Starting with stanza 2, Whitman uses content and imagery that correspond with different stages of childhood, comparing it to the time of year—“third-month”—and relating to plants and animals, such “early lilacs,” “morning glories,” and “lambs.” He also evokes a child’s way of beholding the world by using “curiously” and “curious.” Colors are light or bright: “white and red,” “pink-faint.”
The poet moves on to the fourth and fifth months, with imagery to match seasonal changes, including “sprouts,” “berries,” and “blossoms and the fruit afterward.” For the first time, the child is aware of the humans around them, as Whitman describes both adults and children. He continues with description of the child’s family and the upbringing they provide, including negative elements. “The mother with mild words,… a wholesome odor”; “The father, strong,…unjust…/The blow, the quick loud word.” The emotions coming from “the yearning and swelling heart” include both security and inquiry, “the curious whether and how.” In this stanza, a dark element first appears as “night-time”:
… the sense of what is real, the
thought if after all it should prove unreal,
The doubts of day-time and the doubts of night-time….

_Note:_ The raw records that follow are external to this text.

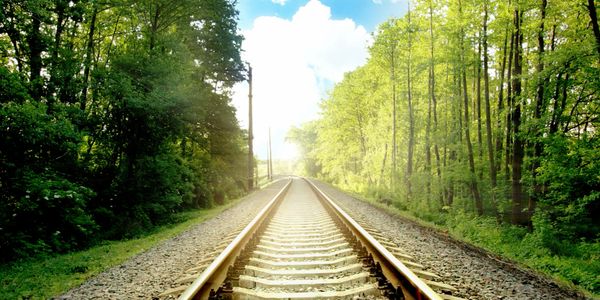 Railroad or railway line running straight into the distance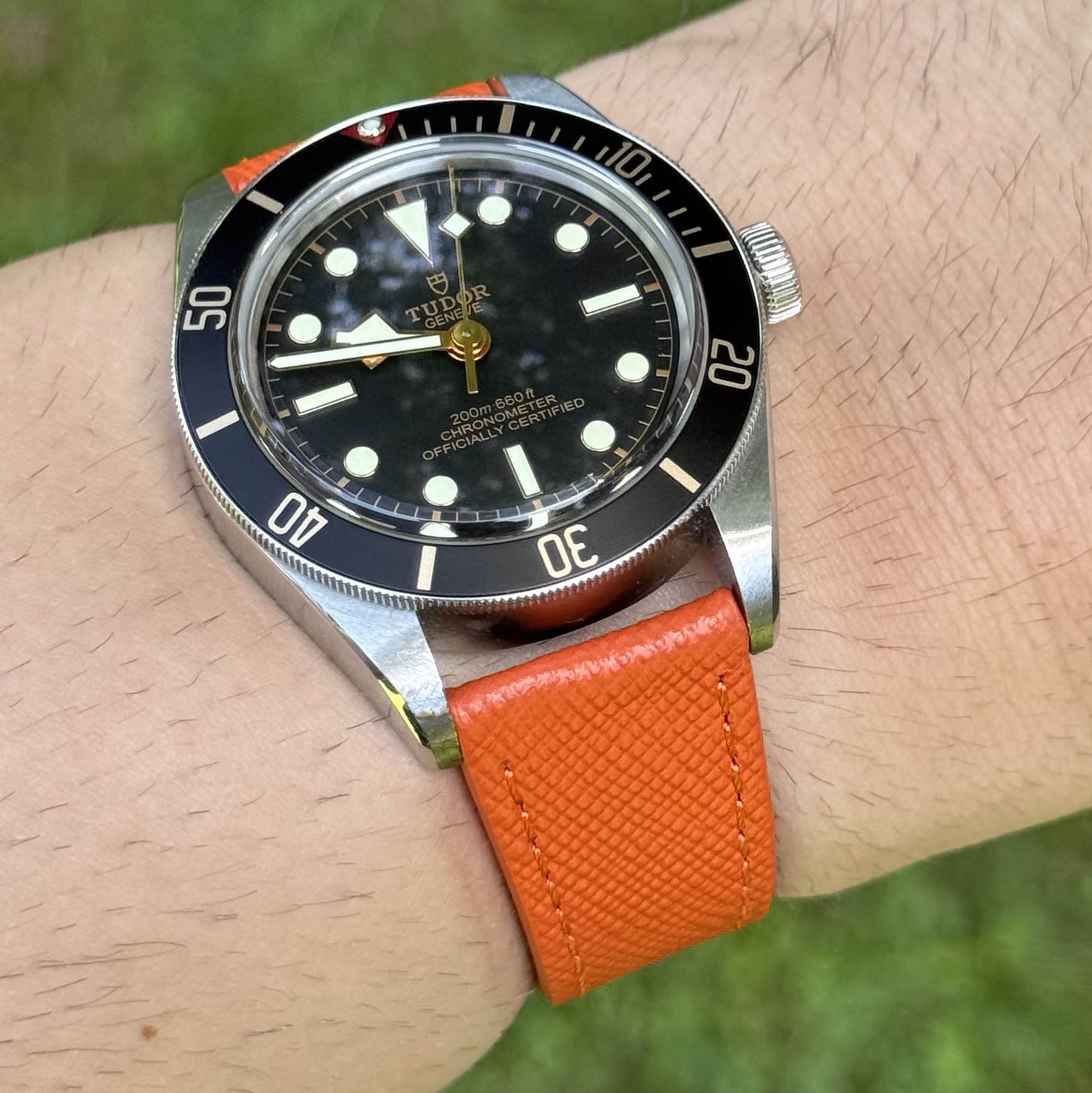 Wrist shot of the Florence orange saffiano leather watch strap. 18mm, 20mm, 22mm, 24mm. Watch And Strap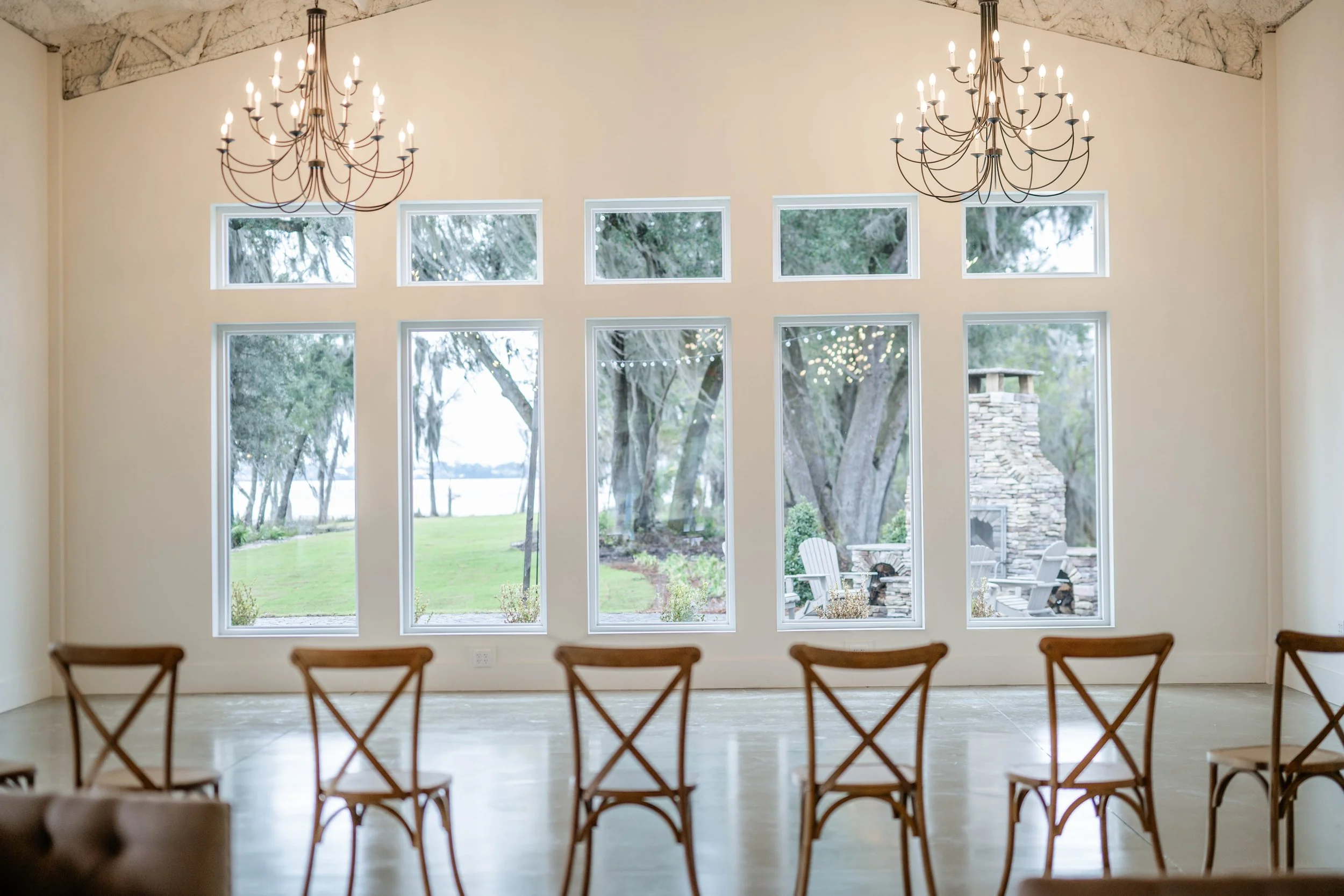 Interior of Willow Point Venue's spacious room with large windows overlooking a garden, brown chairs aligned in a row, and two chandeliers hanging from the ceiling.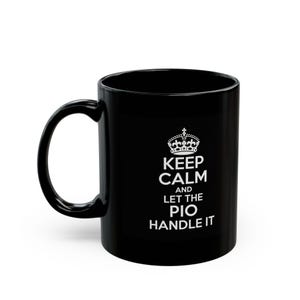 May include: Black ceramic coffee mug with a white crown graphic and the text "KEEP CALM AND LET THE PIO HANDLE IT". The mug has a curved handle and a glossy finish. A great gift for any occasion.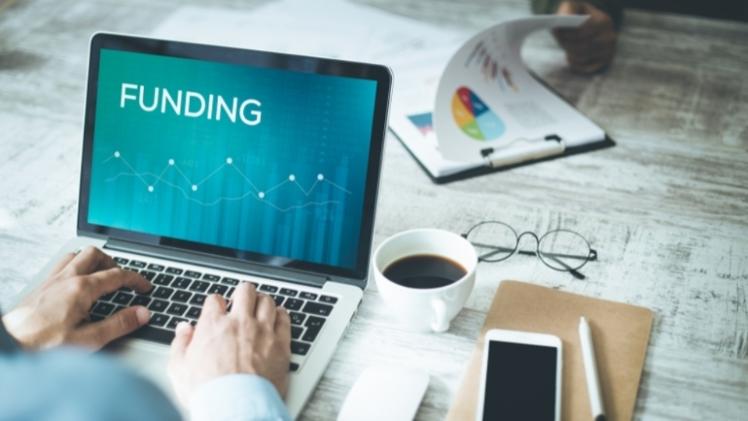 Person typing on laptop with 'Funding' on the screen, coffee and a mobile phone next to it
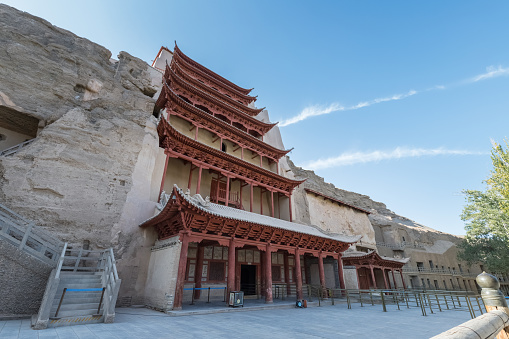 Nine floors against a blue sky, Mogao Grottoes landmark scenery, famous tourist destination on the silk road, Dunhuang city, Gansu province, China.\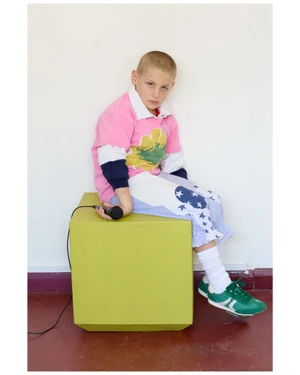 Young child seated on a lime green cube holding a microphone while wearing a pink polo shirt and patterned trousers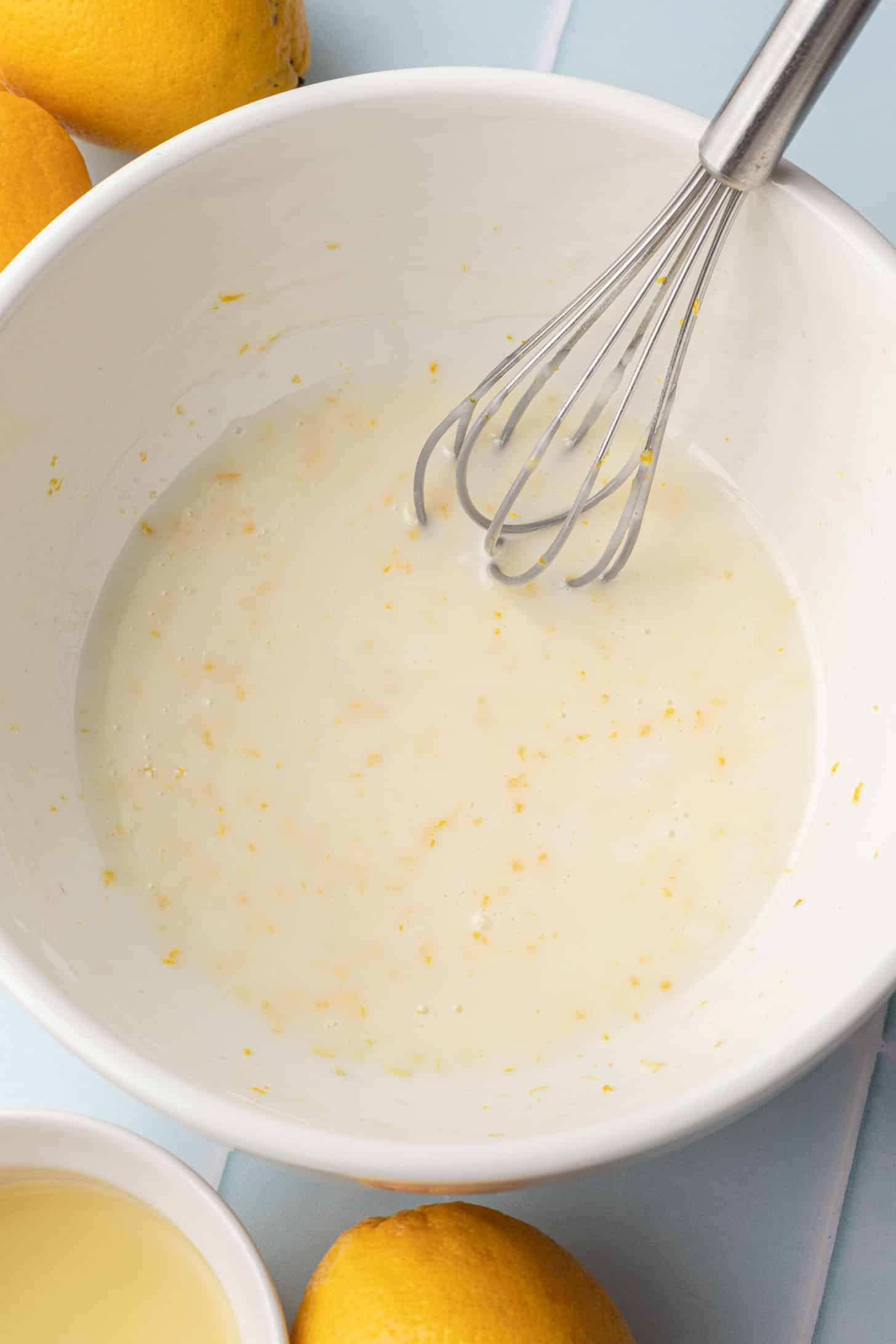 A whisk in a white bowl with lemon zest-speckled glaze mixture, surrounded by fresh lemons on a light blue surface, conveying freshness and zest.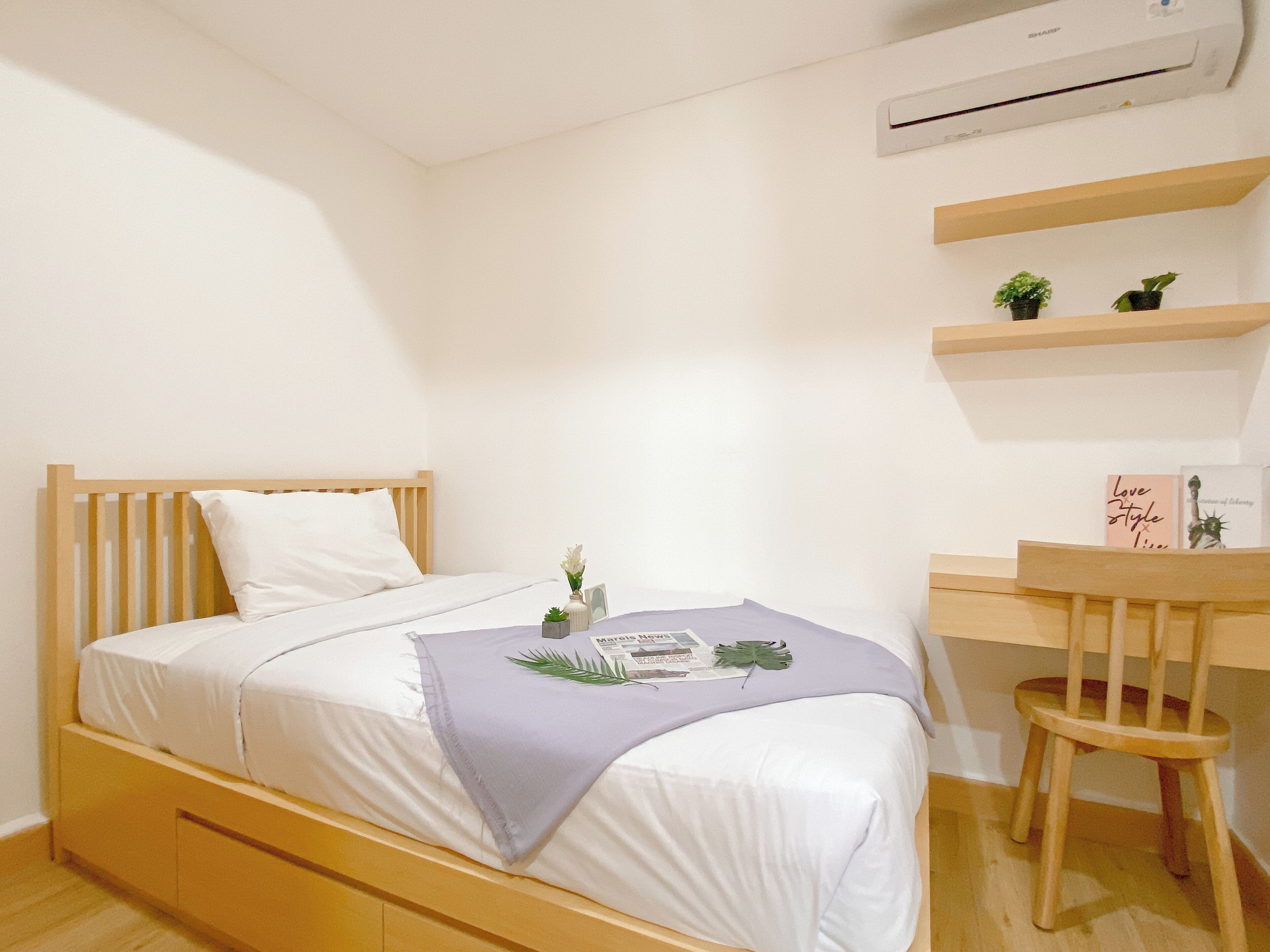 Un dormitorio ordenado con cama, escritorio y silla.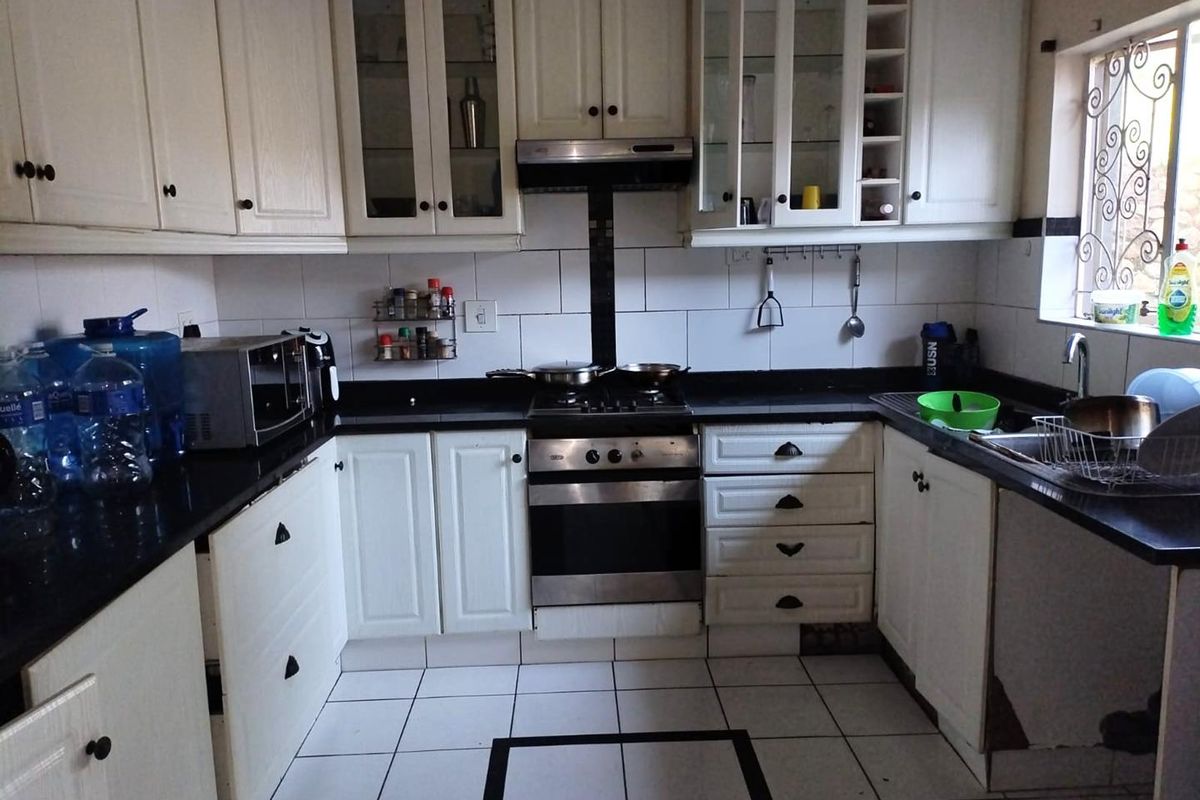 A functional kitchen featuring white cabinetry, black granite countertops, a gas stove with extractor fan, and tiled flooring with a decorative border.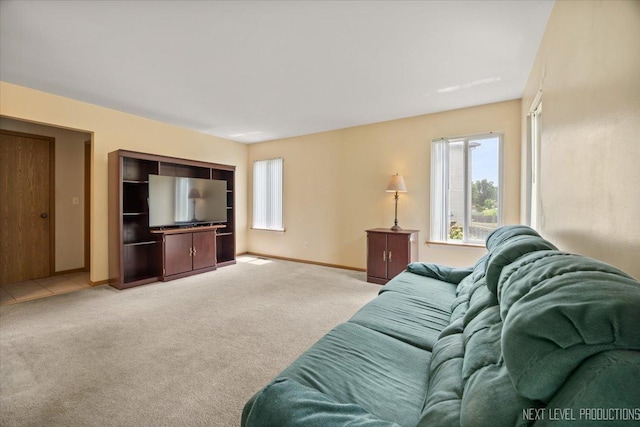 422 Rachel Cir, Romeoville, IL 60446 - living room featuring light colored carpet and baseboards
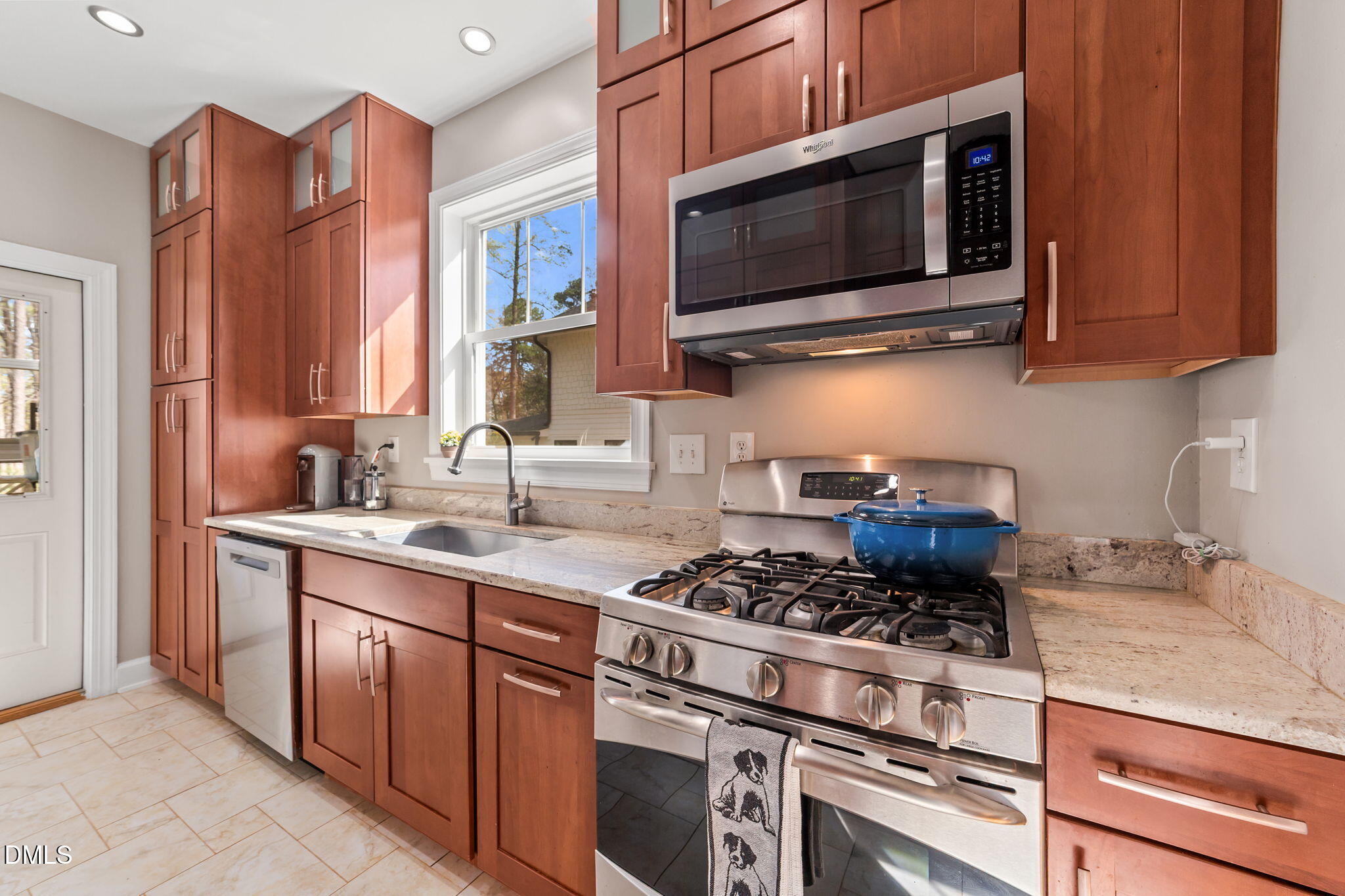 3322 Ruffin Street Raleigh, NC 27607 - Photo 23 of 57 a kitchen with stainless steel appliances granite countertop a stove and a microwave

We also see the child looking far beyond what is right around them, to the river and to vehicles, thus indicating their thoughts of travel away from home. “Sunset” picks up on the change from day to night that stands for aging.
The last stanza continues this progression, adding images and colors associated with uncertainty, darkness, night, and distance: “Shadows, aureola and mist, the light falling … brown two miles off…,” “maroon-tint.” Similarly, he mentions sleep, a downward direction, or lack of motion. Travel is indicated by the boats mentioned, and the child’s independence is marked by the “solitary” bar. He concludes with the child leaving or growing up, yet retaining his home-grown knowledge, as he “now goes, and will always go forth every day.”